Non mi avete fatto niente di Ermal Meta e Fabrizio Moro resta ufficialmente in gara dal Festival di Sanremo 2018. Il brano del duo, dedicato al tema del terrorismo, potrà dunque proseguire il suo percorso nella gara.

Ecco come i due cantanti avevano commentato il pezzo sulle pagine di TV Sorrisi e Canzoni:

non mi avete fatto niente è la reazione di due artisti al sentimento di paura generato dal terrorismo. Mi è venuta l’idea poche settimane dopo l’attentato di Manchester all’uscita del concerto di Ariana Grande. Ho chiamato Ermal  per provare a scrivere questo brano, senza pensare a Sanremo (Fabrizio Moro).

La sua idea mi è piaciuta perché anche di fronte ai drammi della guerra e del terrore possiamo trasformare la paura in forza, è quello che ho fatto nella mia vita e che ho raccontato l’anno scorso in Vietato Morire (Ermal Meta).

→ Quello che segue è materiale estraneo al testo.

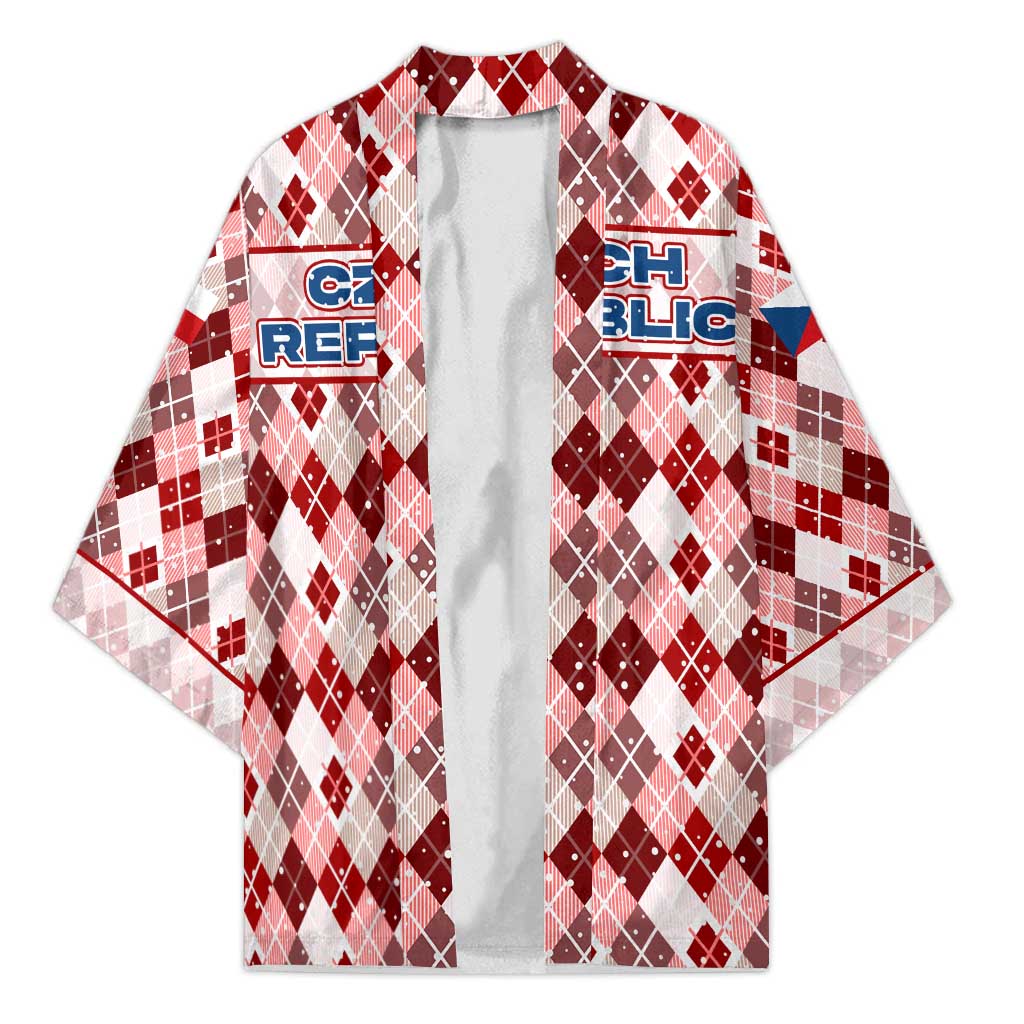 Czech Republic Christmas Kimono with Red-White Checkered Design, Double-Tailed Lion, and Festive Motif - Wonder Print Shop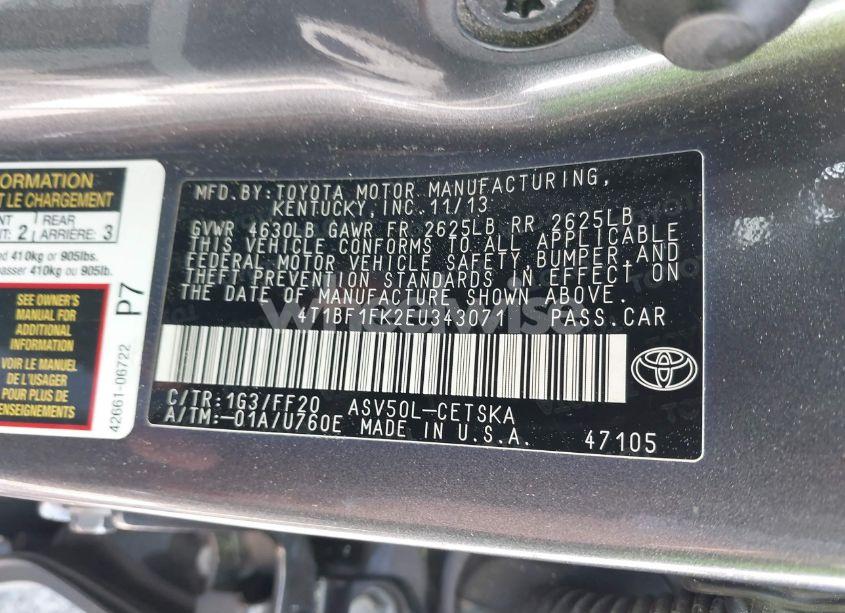 Photo 9 of 2014 Toyota Camry SE (VIN 4T1BF1FK2EU343071)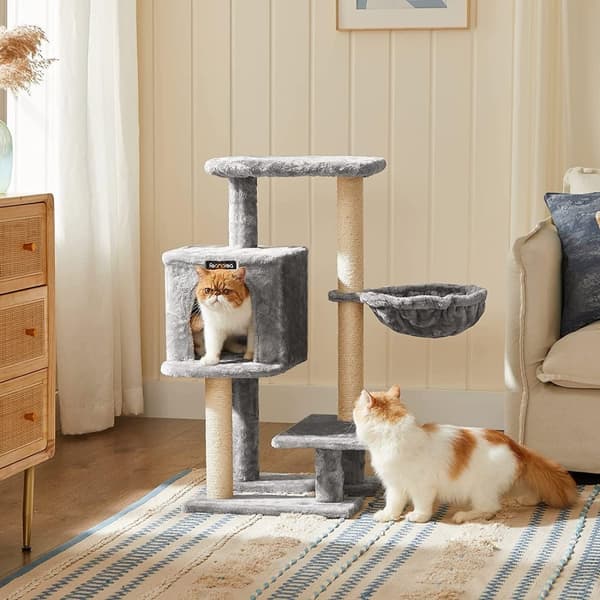Rootz Kradsestolpe til katte - Kattekradsestolpe - med krammehule - Grå - 46 x 41 x 84 cm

Tutto era nato subito dopo la prima puntata del Festival, quando sul web erano iniziate a circolare delle voci su un presunto plagio ad opera dei due artisti. Con il passare delle ore, si era scoperto che in realtà uno degli autori, Andrea Febo, aveva deciso di “autocitare” il suo vecchio brano Silenzio.

Il tema sul quale si è molto discusso era la possibilità di squalificare Non mi avete fatto niente in quanto brano non inedito. All’interno del regolamento del Festival, in ogni caso, è presente una clausola che indica la possibilità di inserire all’interno del pezzo, per un massimo del 30%, come citazione o campionamento.

In conferenza stampa la RAI ha dichiarato che, nonostante Silenzio fosse stata proposta dal vivo, il fatto che il brano di Meta e Moro non contenga più del 30% del pezzo originale lo rende conforme al regolamento del 2013. Di conseguenza, Non mi avete fatto niente può essere considerato un pezzo inedito.

 

Il polverone su Meta e Moro aveva spinto le fan dei due artisti a lanciare su Twitter l’hashtag #IostoconMetaMoro.

 

Che cosa ne pensate della squalifica di Ermal Meta e Fabrizio Moro da Sanremo 2018?